▶ _GOAL OF THE EXERCISE_:
Among the entries below, only the lines from the one with "We multiply both" through the one with "Okay, now when" are to be retyped, exactly and without pictures.

▶ _EXTRACTED DATA_:
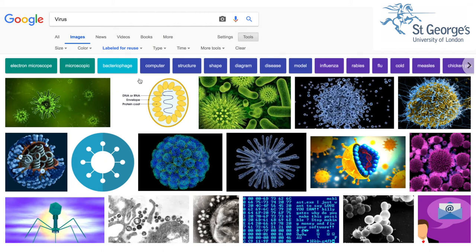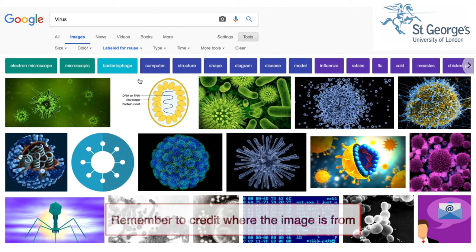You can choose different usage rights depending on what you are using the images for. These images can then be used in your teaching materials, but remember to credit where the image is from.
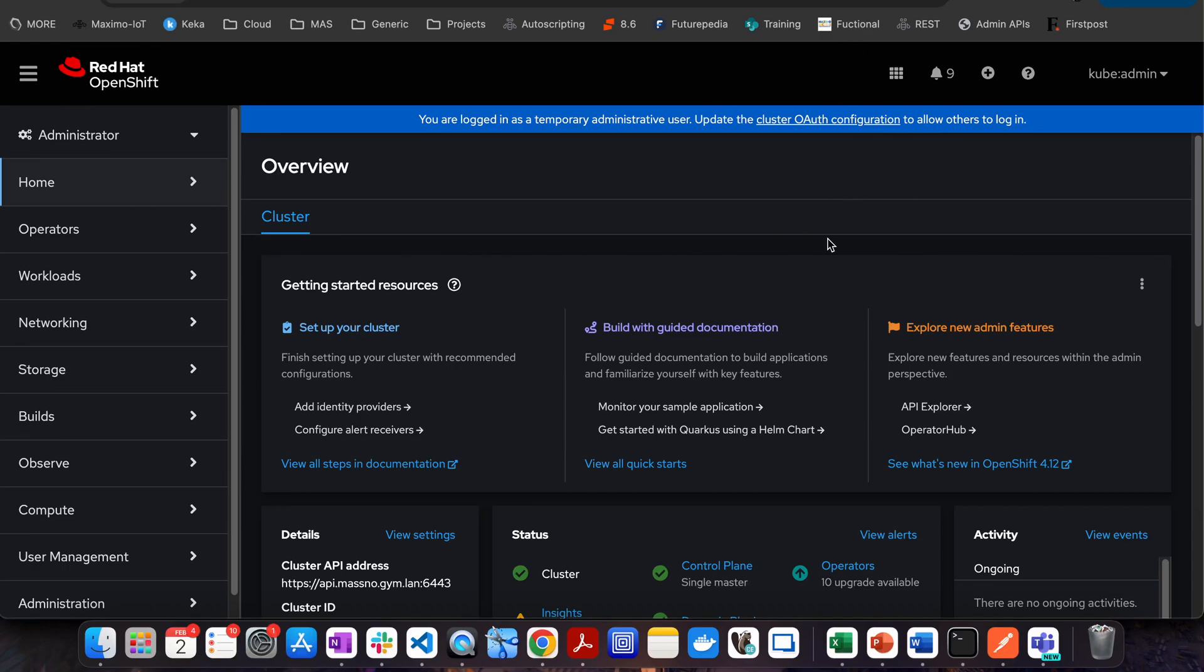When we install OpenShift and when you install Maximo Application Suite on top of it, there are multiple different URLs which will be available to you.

* * *

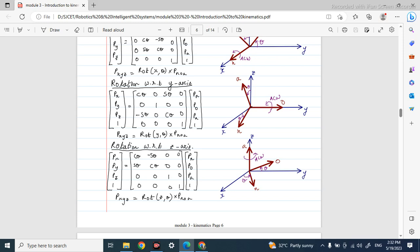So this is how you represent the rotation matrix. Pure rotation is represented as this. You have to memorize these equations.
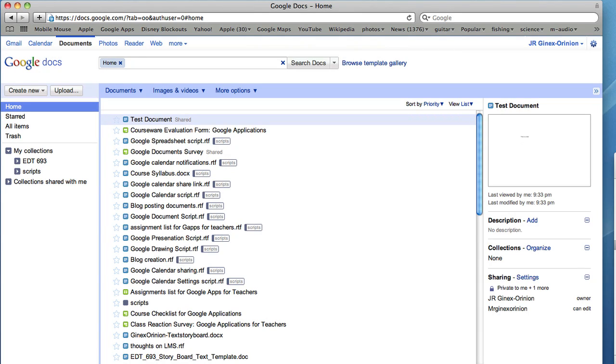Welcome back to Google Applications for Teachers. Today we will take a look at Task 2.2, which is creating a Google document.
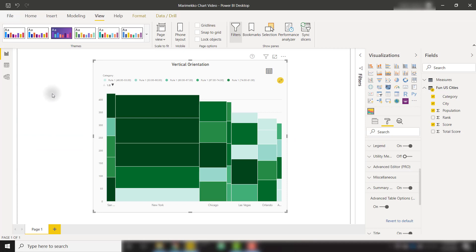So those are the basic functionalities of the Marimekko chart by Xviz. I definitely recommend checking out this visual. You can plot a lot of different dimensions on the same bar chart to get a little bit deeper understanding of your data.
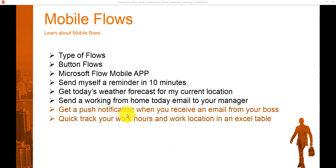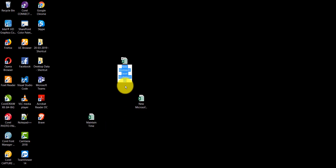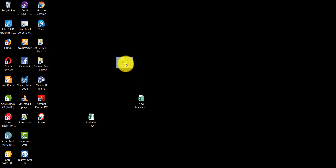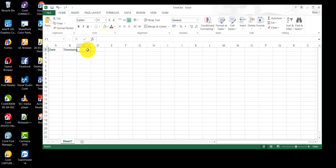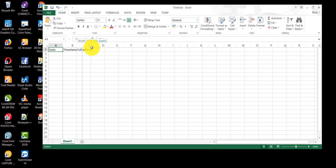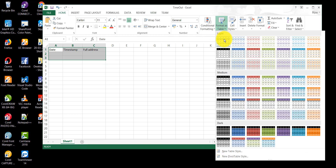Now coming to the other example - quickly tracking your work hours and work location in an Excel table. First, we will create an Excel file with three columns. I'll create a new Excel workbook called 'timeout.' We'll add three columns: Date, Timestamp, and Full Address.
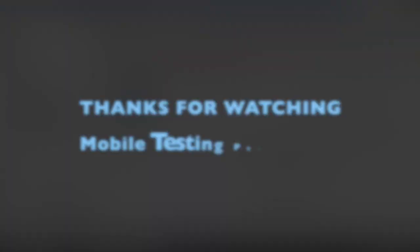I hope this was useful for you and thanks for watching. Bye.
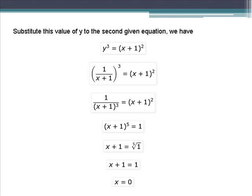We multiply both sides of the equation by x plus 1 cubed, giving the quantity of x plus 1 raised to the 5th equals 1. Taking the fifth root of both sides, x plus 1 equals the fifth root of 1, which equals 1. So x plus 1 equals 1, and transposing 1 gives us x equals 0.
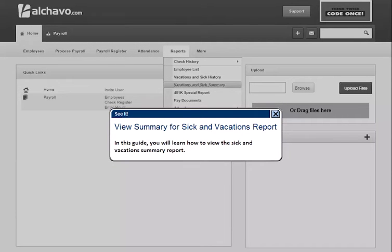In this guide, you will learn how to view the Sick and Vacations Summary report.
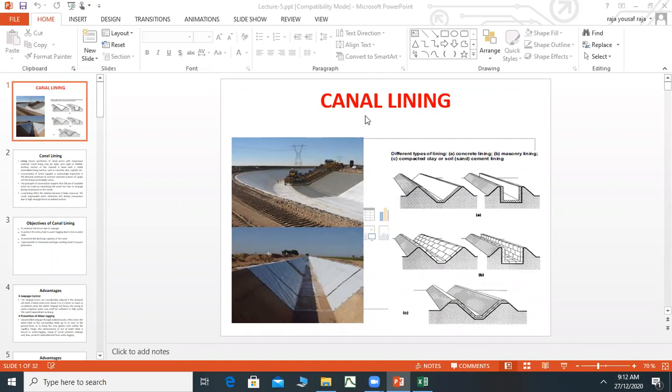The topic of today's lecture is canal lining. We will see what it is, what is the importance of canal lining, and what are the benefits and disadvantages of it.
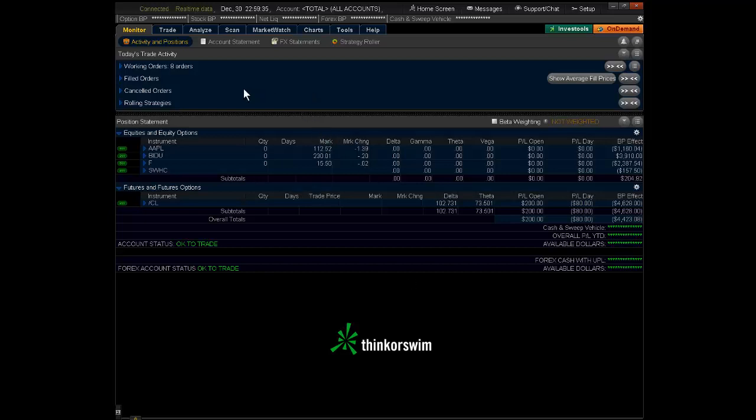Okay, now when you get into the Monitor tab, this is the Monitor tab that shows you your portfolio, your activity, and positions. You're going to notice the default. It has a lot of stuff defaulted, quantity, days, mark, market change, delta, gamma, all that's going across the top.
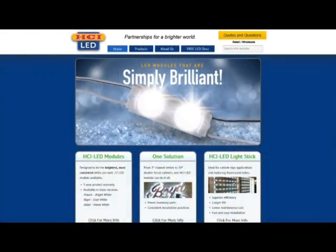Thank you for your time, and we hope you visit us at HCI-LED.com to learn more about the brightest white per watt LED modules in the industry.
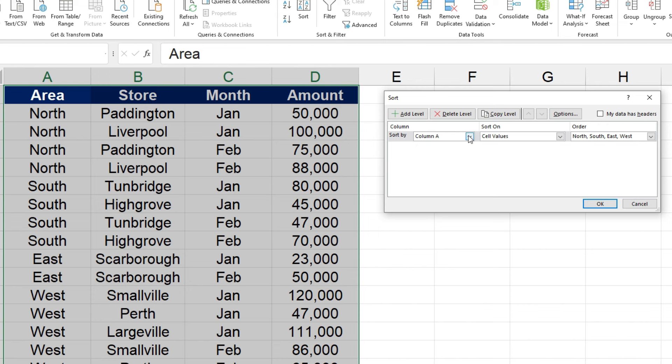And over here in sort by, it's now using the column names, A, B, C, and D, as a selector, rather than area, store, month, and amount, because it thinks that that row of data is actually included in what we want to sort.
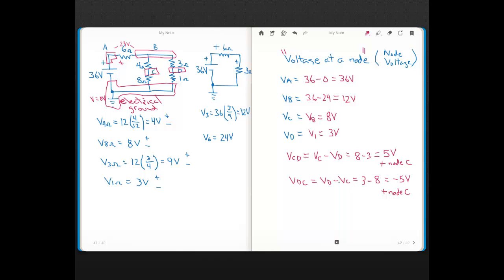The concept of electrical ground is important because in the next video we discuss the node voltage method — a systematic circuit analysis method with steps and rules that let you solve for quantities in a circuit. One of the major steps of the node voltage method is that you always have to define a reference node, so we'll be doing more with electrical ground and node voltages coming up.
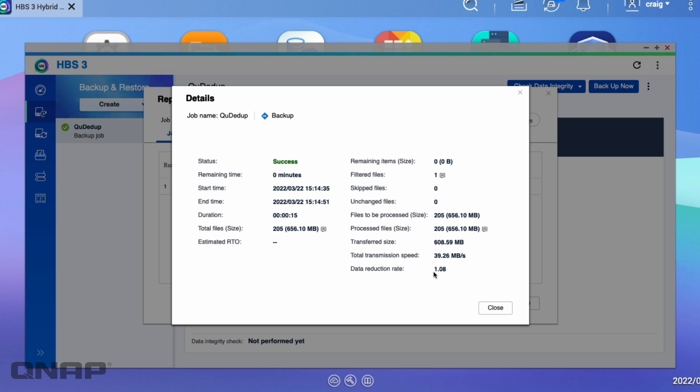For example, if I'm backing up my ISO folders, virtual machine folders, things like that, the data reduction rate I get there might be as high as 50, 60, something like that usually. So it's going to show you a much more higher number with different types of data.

▶ _WRITTEN REPLY_:
We multiply both sides of the equation by x plus 1 cubed, giving the quantity of x plus 1 raised to the 5th equals 1. Taking the fifth root of both sides, x plus 1 equals the fifth root of 1, which equals 1. So x plus 1 equals 1, and transposing 1 gives us x equals 0.
In this guide, you will learn how to view the Sick and Vacations Summary report.
The topic of today's lecture is canal lining. We will see what it is, what is the importance of canal lining, and what are the benefits and disadvantages of it.
Okay, now when you get into the Monitor tab, this is the Monitor tab that shows you your portfolio, your activity, and positions. You're going to notice the default. It has a lot of stuff defaulted, quantity, days, mark, market change, delta, gamma, all that's going across the top.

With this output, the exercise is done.